Xilinx unveils high performance autonomous car brain

Talking about robo-taxis like they are already a thing

by Max Smolaks 12 November 2019

American silicon designer Xilinx has launched a duo of chips that could power autonomous cars of the future.

It says the XA Zynq ZU7 and ZU11 are the world’s highest performance “adaptive devices” for advanced driver-assistance systems (ADAS) and autonomous driving (AD) applications.

The chips are intended to be used as domain controllers – the centerpieces of autonomous vehicles that collect and process data from cameras, LIDARs, radar, ultrasonic, and other sensors, and accelerate neural network performance. The key requirements for this job are low latency, high bandwidth and the ability to be customized by individual carmakers.

ZU7 and ZU11 were designed to be used in autonomous cars of up to Level 4 – meaning fully autonomous, and able to handle the majority of driving situations independently.

A new battleground

Xilinx specializes in programmable logic devices. It is the granddaddy of custom silicon, credited with inventing the first field-programmable gate arrays (FPGAs) back in 1985. FPGAs have since become a large market in their own right, being employed for tasks where using conventional CPUs is impractical.

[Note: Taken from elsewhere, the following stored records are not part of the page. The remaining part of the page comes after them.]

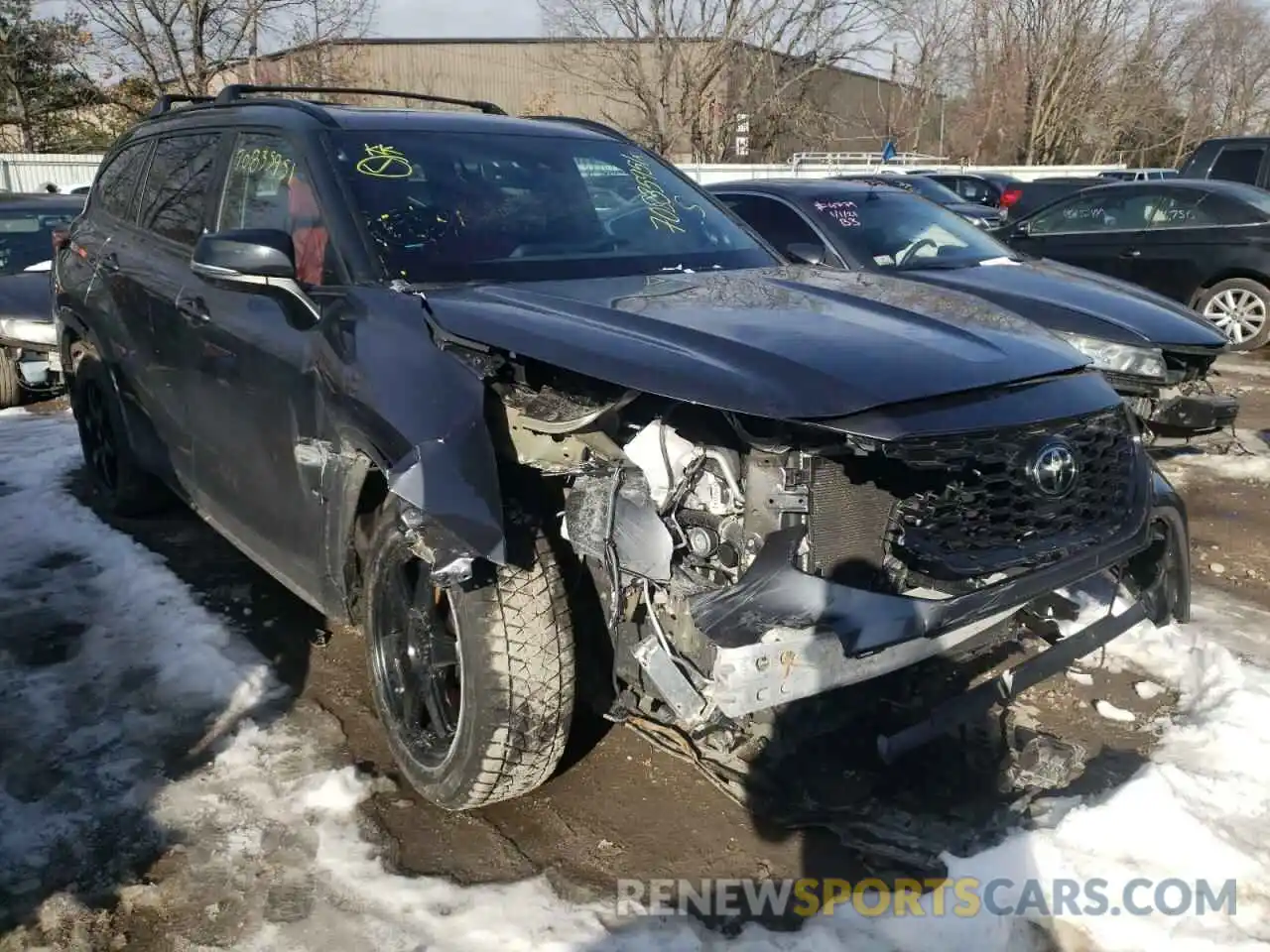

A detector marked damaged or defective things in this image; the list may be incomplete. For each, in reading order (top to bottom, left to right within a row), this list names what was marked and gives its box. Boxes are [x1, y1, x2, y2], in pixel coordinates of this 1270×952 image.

damaged dark gray suv [55, 85, 1189, 812]
crushed front end [515, 373, 1189, 767]
broken headlight housing [1056, 332, 1163, 381]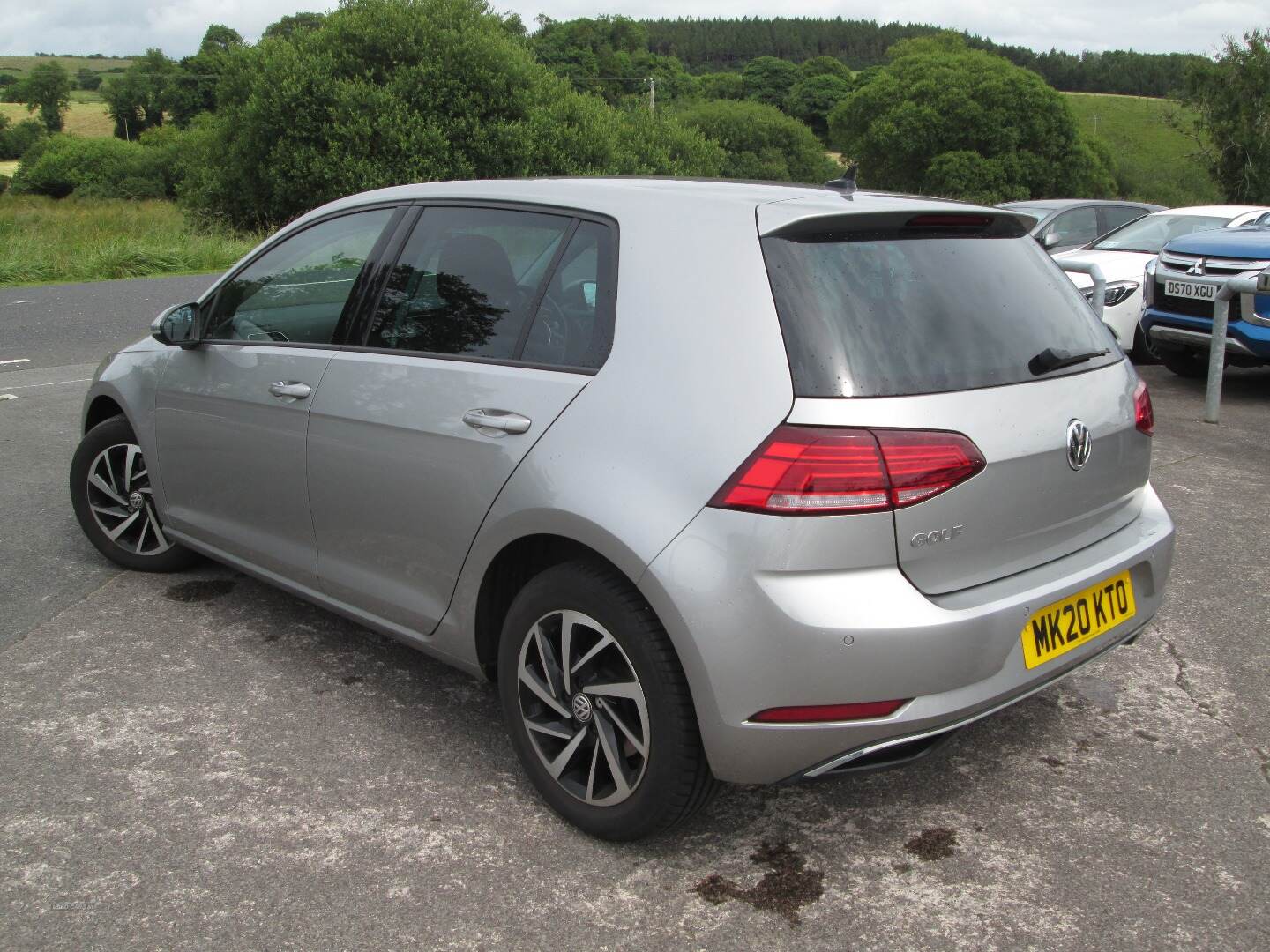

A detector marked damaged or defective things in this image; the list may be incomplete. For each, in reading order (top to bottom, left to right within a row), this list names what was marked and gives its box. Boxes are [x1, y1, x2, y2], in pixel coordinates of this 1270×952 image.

crack in tarmac [1163, 629, 1270, 786]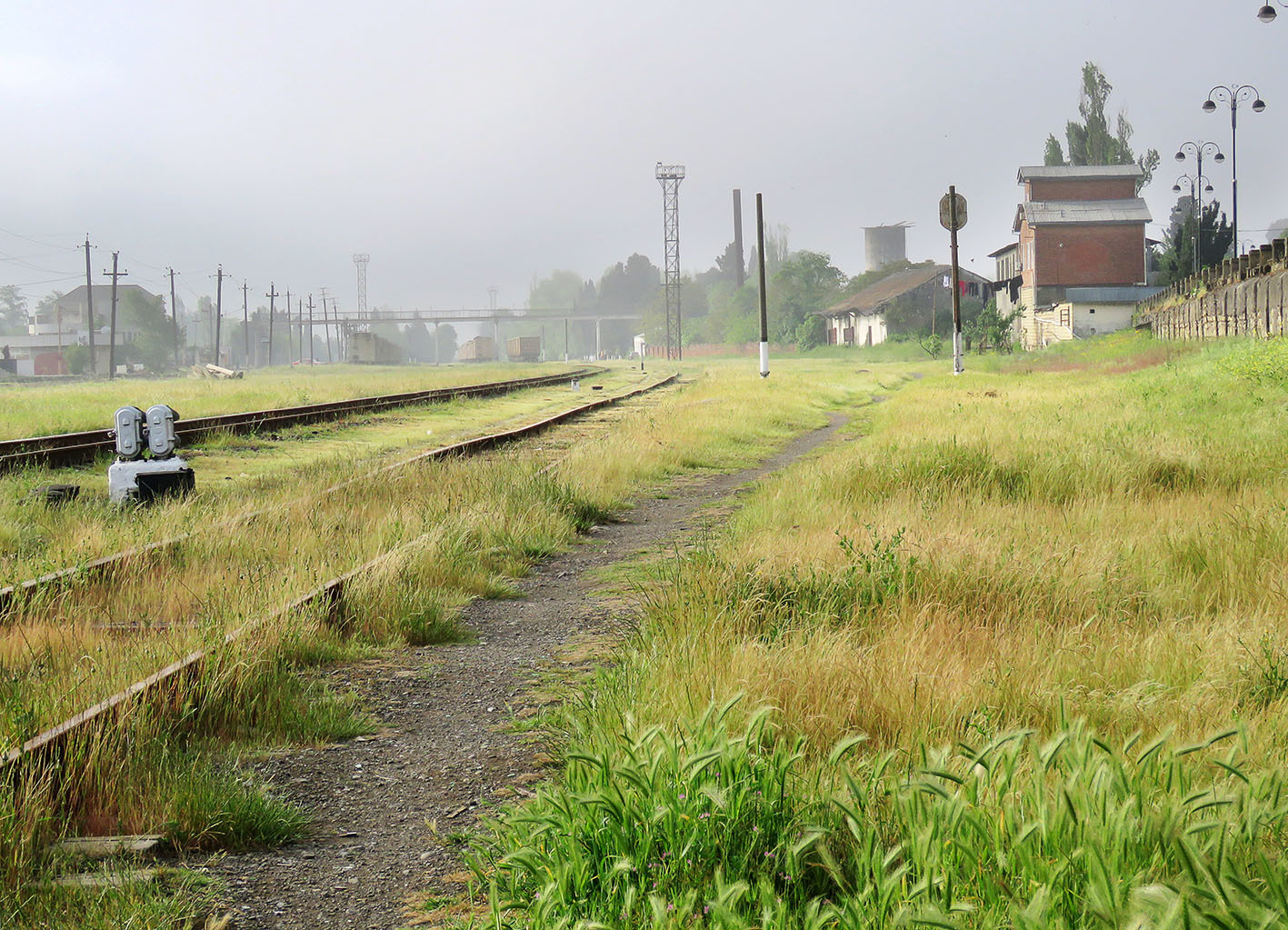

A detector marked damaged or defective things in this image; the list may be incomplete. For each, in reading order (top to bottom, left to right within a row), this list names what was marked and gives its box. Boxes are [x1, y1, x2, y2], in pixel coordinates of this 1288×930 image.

rusty rail [0, 368, 592, 474]
rusty rail [0, 373, 680, 773]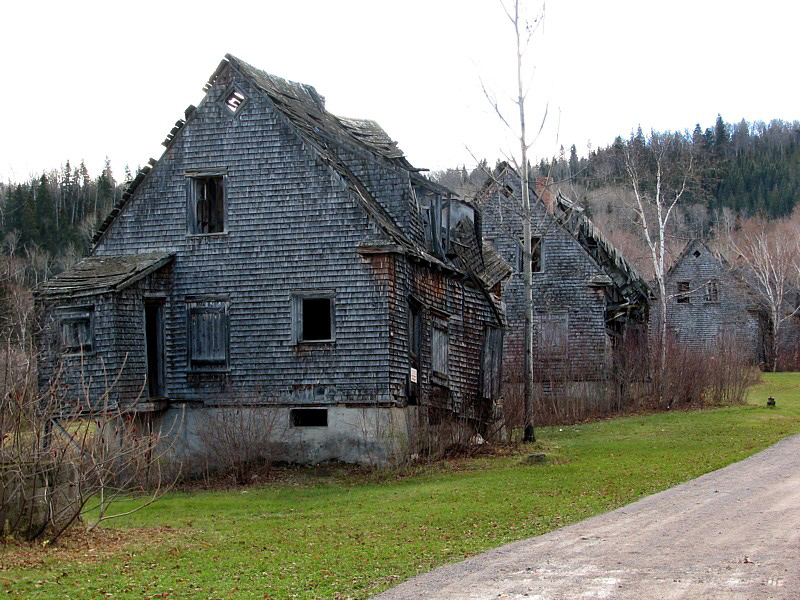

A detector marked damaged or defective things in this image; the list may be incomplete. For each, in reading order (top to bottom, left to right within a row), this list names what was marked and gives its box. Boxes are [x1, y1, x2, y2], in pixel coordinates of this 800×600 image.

broken window opening [223, 89, 245, 113]
broken window opening [188, 175, 225, 233]
broken window opening [60, 308, 94, 354]
broken window opening [185, 296, 228, 368]
broken window opening [290, 408, 328, 426]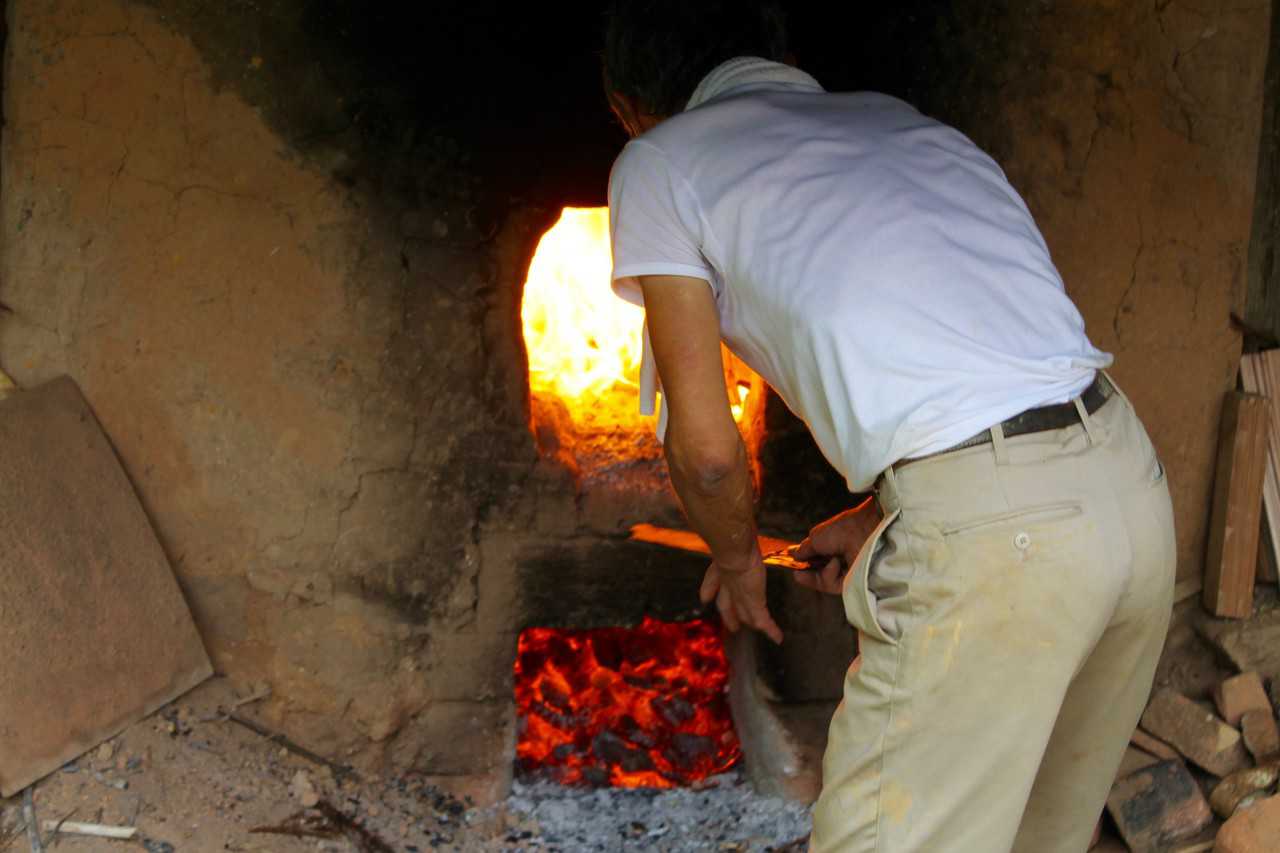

Applications for FPGAs range from telecommunications to medical imaging, hardware emulation, and of course, AI workloads. Both AWS machine learning service Amazon Sagemaker and Microsoft’s Azure Machine Learning feature Xilinx FPGAs to accelerate specific tasks.

In recent years, Xilinx has made serious advances on the automotive front: by the end of 2018, it shipped 167 million products to carmakers, and its chips were used in 29 makes and 111 vehicle models.

The latest car chips from Xilinx, built on the 16 nanometer process, are the most powerful it has ever made: ZU11 features more than 650,000 programmable logic cells and nearly 3,000 DSP slices – 2.5X more than its previous top performer, codenamed ZU5.

It’s important to note that a car system based on ZU7 or ZU11 would still require a GPU or a similar device, to handle the bulk of parallel processing.

What’s inside a Zynq SoC

“Through customer-driven requests, we’ve broadened our XA product family to meet the complex levels of today’s ADAS and autonomous driving systems,” said Emre Onder, senior VP for marketing at Xilinx.

“With these additions to the Zynq UltraScale+ product line, Xilinx delivers unmatched processing flexibility and scalability vital for today’s rapidly changing requirements. Whether customers are developing for L1 or for L4 systems, we have a solution that meets their needs.”